--- Activity ---
Only the lines from the one containing "Deepanshu Jain" through the end of the entries are wanted, retyped exactly and without pictures.

Brief descriptive captions
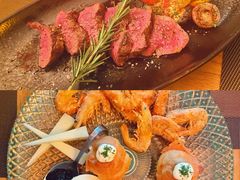 -IL TEATRO 精品意大利餐厅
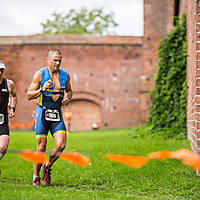 malbork17ironman12-08207.jpg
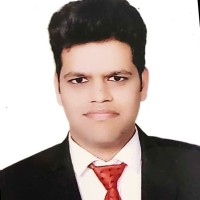 Deepanshu Jain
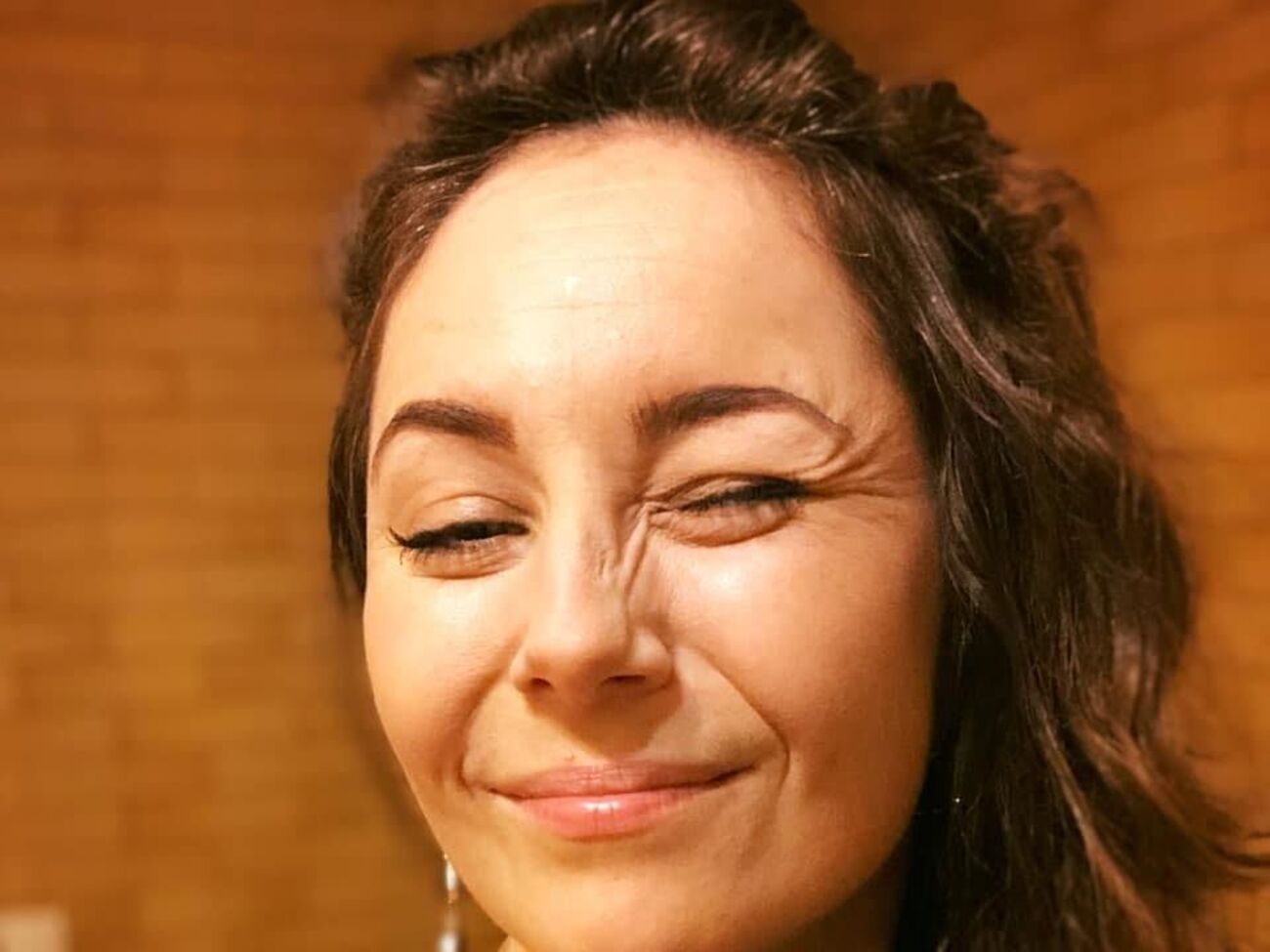 Малахова о карантине: Никуда не хочу, мне всего хватало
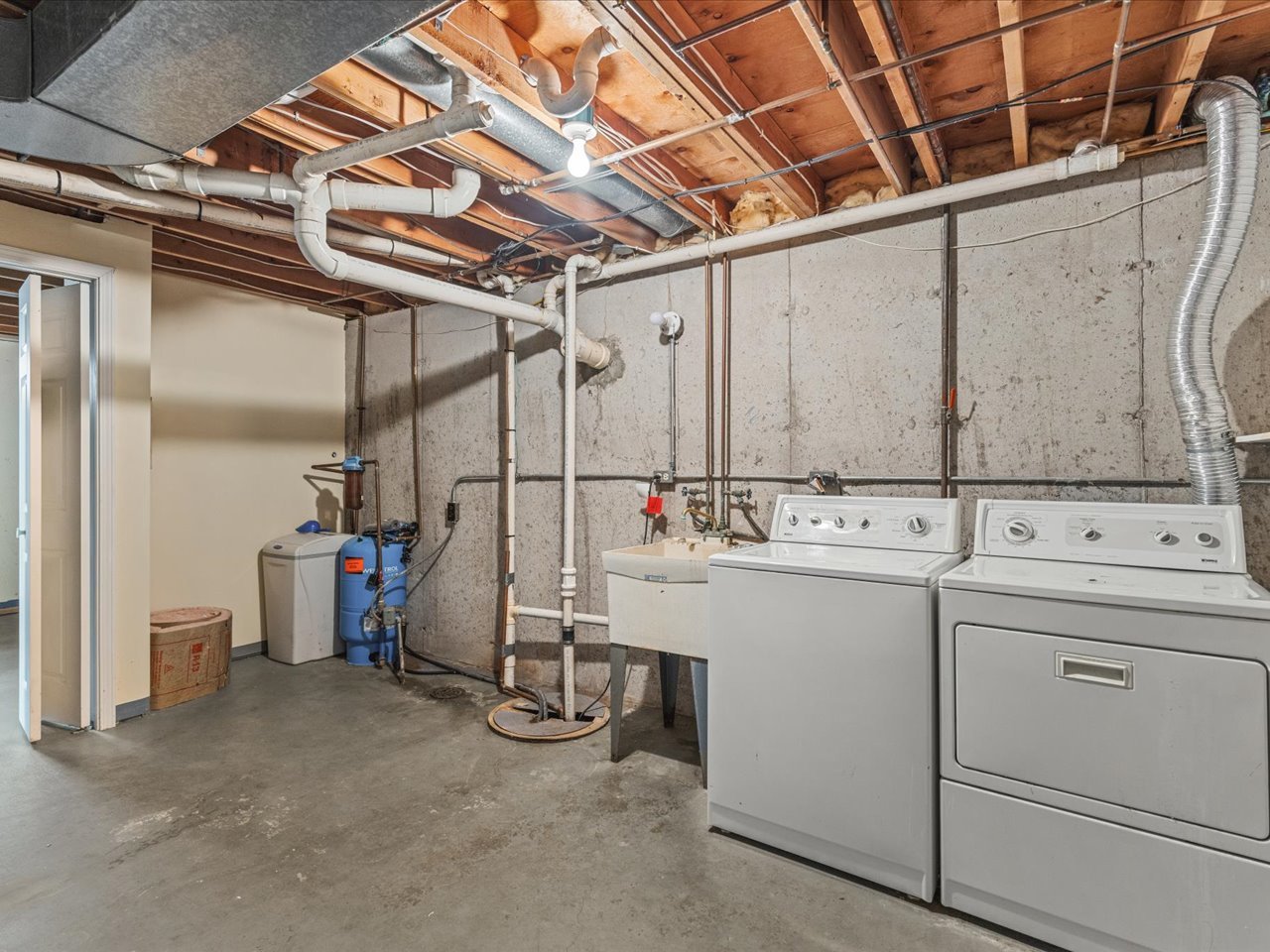 12974 Northland Estates Court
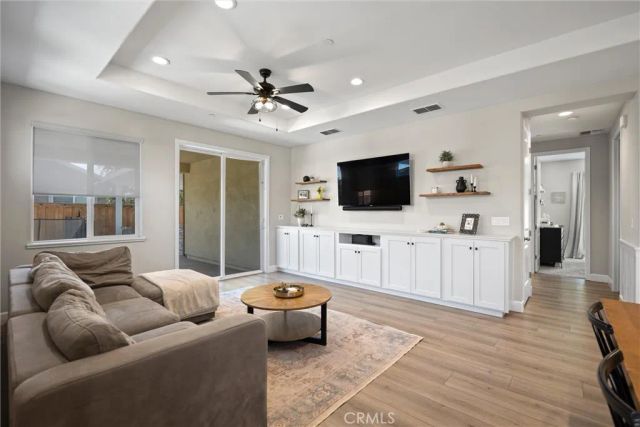 3452 Sloat Run, Chico, CA 95973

--- Solution for this problem ---
 Deepanshu Jain
 Малахова о карантине: Никуда не хочу, мне всего хватало
 12974 Northland Estates Court
 3452 Sloat Run, Chico, CA 95973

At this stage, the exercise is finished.